7 Responses to Fresh ideas can reverse Miami’s transit race to oblivion

  1. James Wolfe

    March 14, 2018 at 9:39 am

    Michael,

    I have great respect for Miami Today’s coverage of transportation issues. You have a good record of getting the facts correct. I also respect your editorial comments. I do not wish to critique or endorse today’s article as much as I wish to commend you for your continuing intelligent contribution to an important dialog.

  2. DC Copeland

    March 14, 2018 at 10:07 am

    Nothing the county can do is stop all junkets to “explore” transit options which just wastes time and money. You know, like the bus load of freeloaders led by mayor Gimenez to China to look at what they call a “train” which is actually a bus. Especially those elected officials in their last days in office who, because of term limits, won’t be riding any local mass transit ever. You know, like the mayor.

  3. John Jay

    March 14, 2018 at 12:30 pm

    I currently live in a city in Texas. We had the same problem here. The city decided to outsource the transit system. They hired a company that’s nationwide (MV Transportation Inc.) They found solutions to the matter; providing great customer service, Friendly drivers, reliable transportation and providing freedom to people. Giving them their life back. Hence, this saves the city tons of money and happy tax payers. Give them a shout; I’m pretty sure they’ll love to be in Miami. They have a good rep on technology and transportation services.

  4. Curt Parrott

    March 14, 2018 at 4:49 pm

    I’ll pass along an idea I’ve been pushing in Cincinnati to build a separate grade Bus Rapid Transit system using narrow transit corridors that run like highways by adding side lanes at stops. This allows for limited stop and non stop service on single lanes in each direction. While public service runs limited stop and non stop to busy transfer hubs, private service can purchase access rights to the corridors to offer direct to location service.

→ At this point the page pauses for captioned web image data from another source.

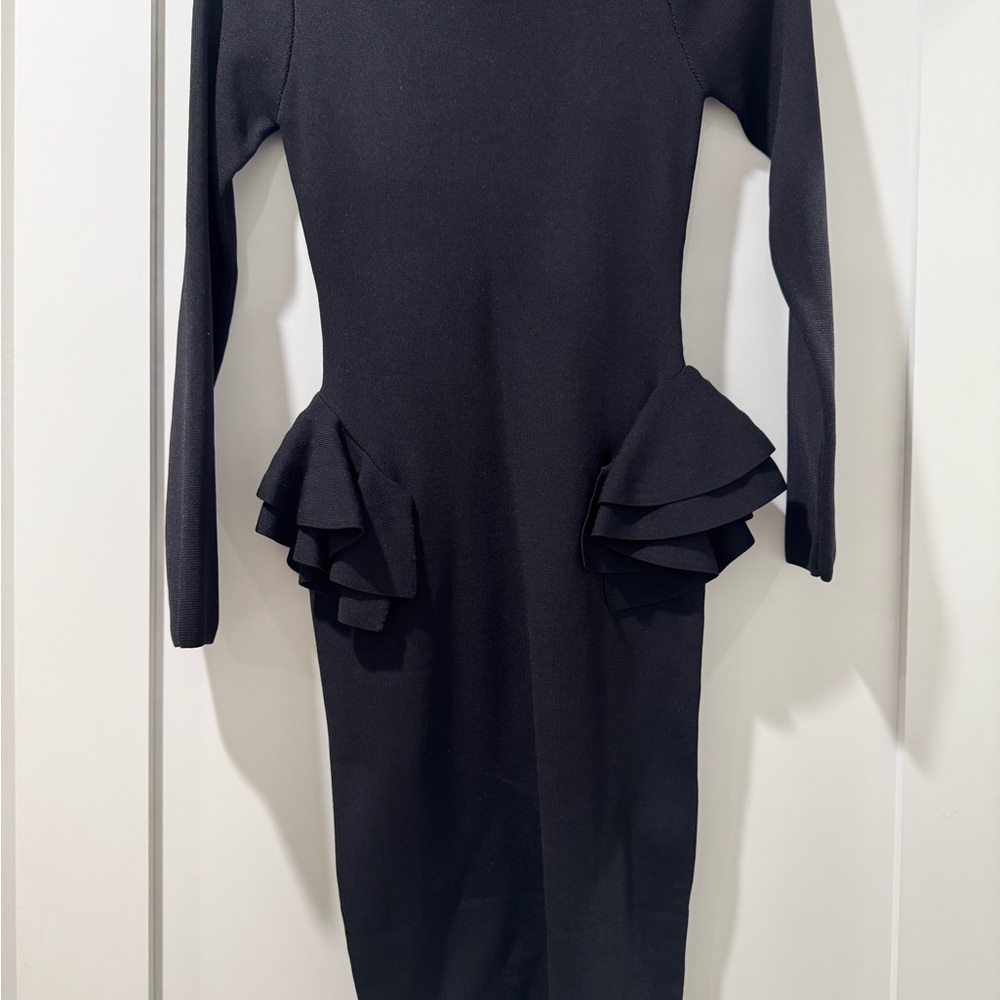 Figure sculpting silhouette 
Elegant Black Ruffle Dress size Small🔥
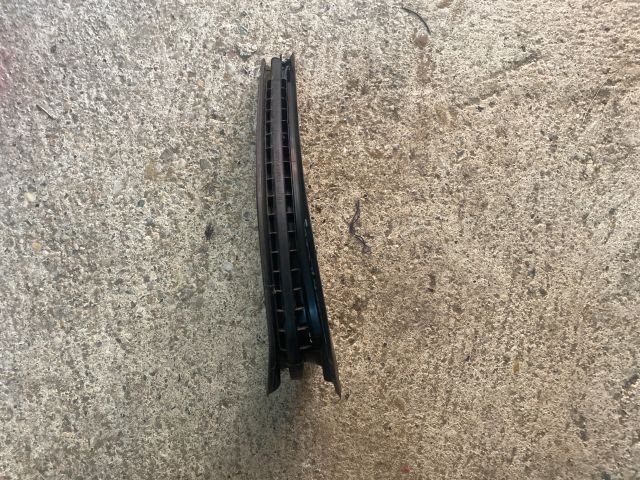 bontott SUZUKI WAGON R PLUS Jobb A Oszlop Oldalablak Üveg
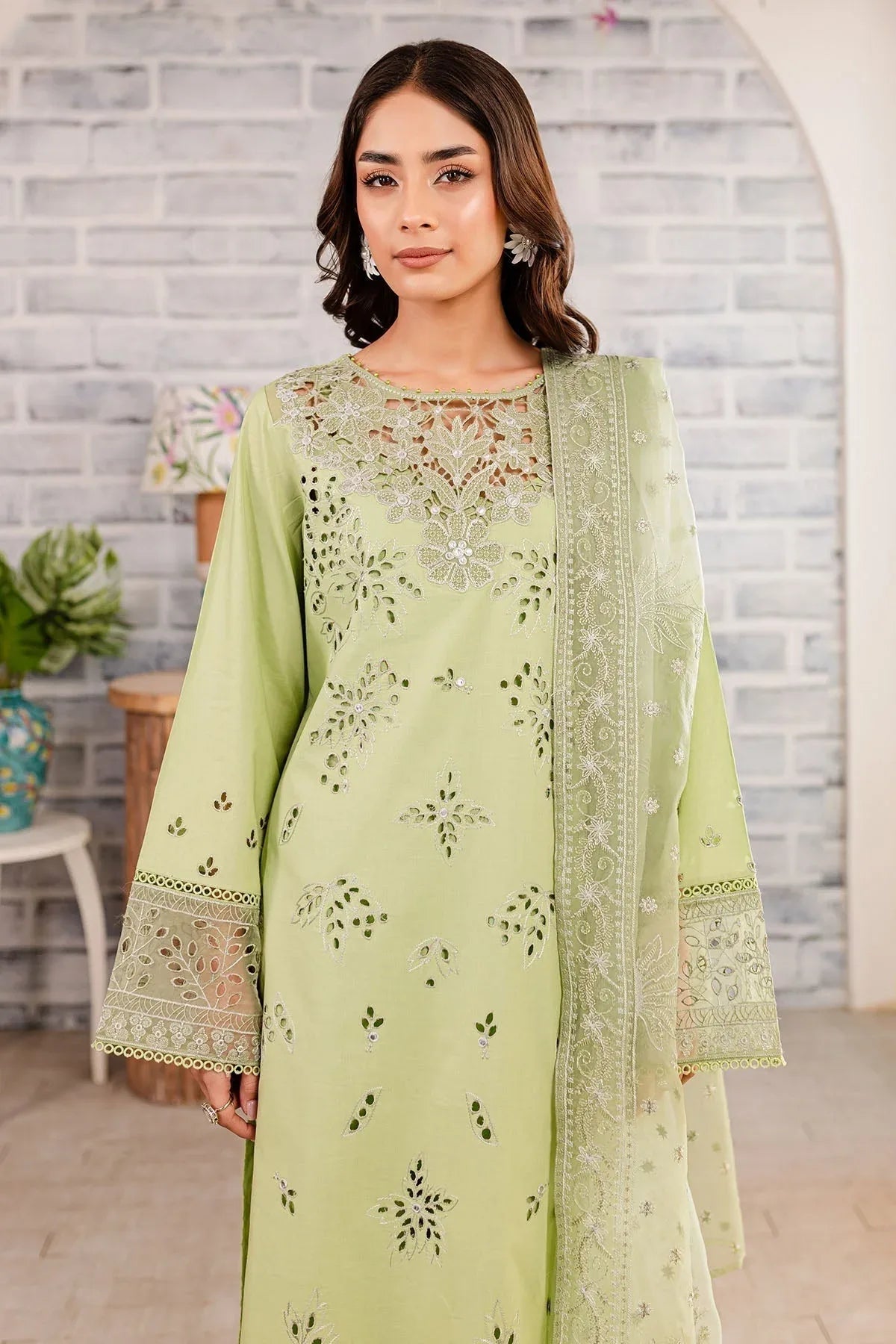 Nureh | Shades Of Summer | NP-490 - Aqsa Fabrics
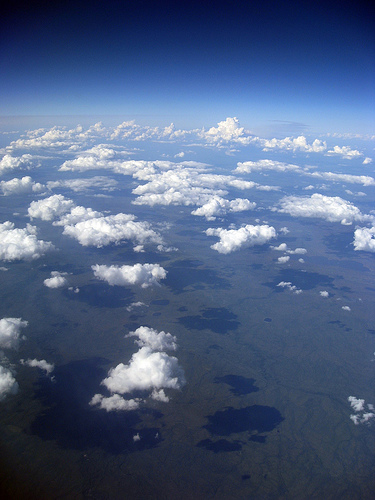 10地平線まで続くちぢれ雲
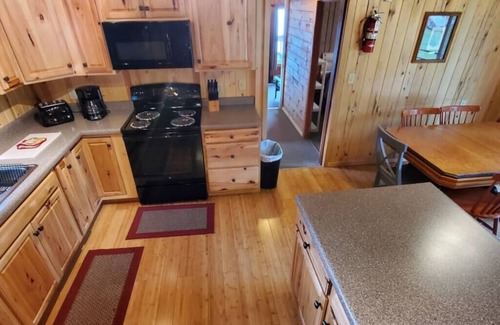 Ray Cabin | Lakeside 3 Bedroom Lazy Days Cabin on Kab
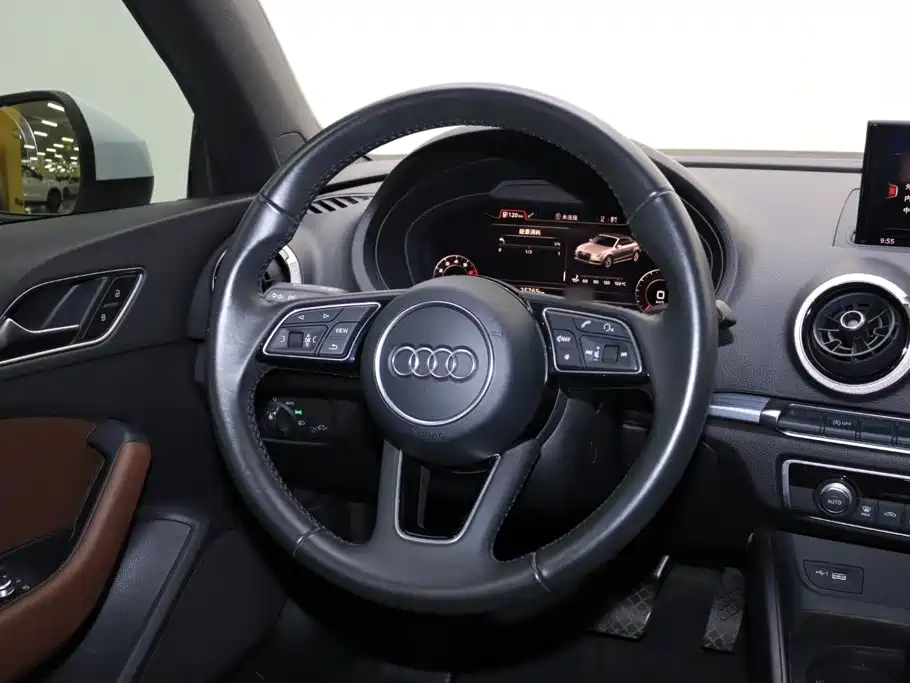Mercedes-Benz A-Class 2022 — фото 16
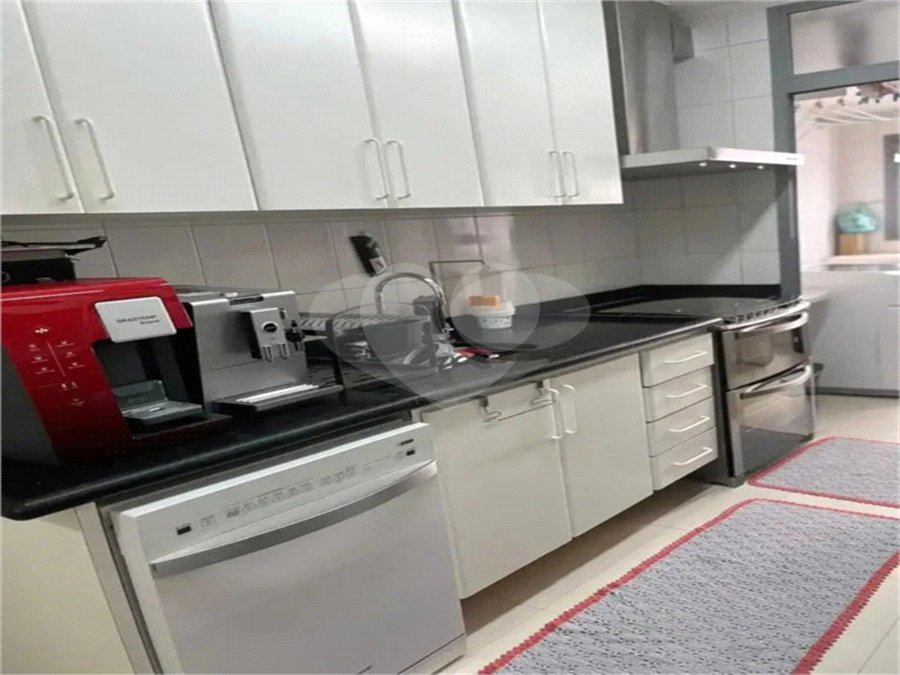 Apartamento à venda com 3 quartos, sendo 1 suíte,  em Parque Imperial, São Paulo, SP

This provides public transit with a new revenue stream and riders with a variety of options. See more about this idea at http://www.cincypublicprivatebrt.wordpress.com

  5. Tom

    March 15, 2018 at 6:36 am

    While Miami-Dade mulls the options, a company in Clearwater is pushing relentlessly for a 21st century solution to traffic congestion. That company’s website is at: http://www.beachtranclw.com – check out its media page.

  6. Eric Bruun

    March 15, 2018 at 9:11 am

    One thing that can be done with relatively small investments is bus lanes and queue bypasses. They both reduce operating costs and increase ridership. But most elected officials remain opposed despite its justification based on space efficiency alone. Many officials are also copping out by trying to claim that transit is obsolescent and therefore investment is not needed. But replacement with small one-party vehicles is not physically possible, a point that just seems to not get covered in almost any newspaper. Finally, like Washington State, the root problem is the lack of a Florida state income tax. The Miami region is building almost nothing for decades, the Seattle region is taking 40 years to build a basic system.

  7. Paul Harrison

    March 21, 2018 at 12:13 pm

    Obviously the solution is to use some obscure form of transportation that doesn’t really exist right now but a billionaire has said is the best, so it has to better than the “old” technology we use today. It would be better to use that, than something that works pretty much everywhere it’s used and not the victim of dysfunctional governments pushing for spending cuts for no good reason.

    Or, I guess, they could just fix their trains. Install a modern safety system, which last I heard is literally the only thing wrong with the NYC subway system and which, if fixed, would solve all the congestion and slow down issues.

    Nah, let’s invest in elevated self-hyping hypercars instead.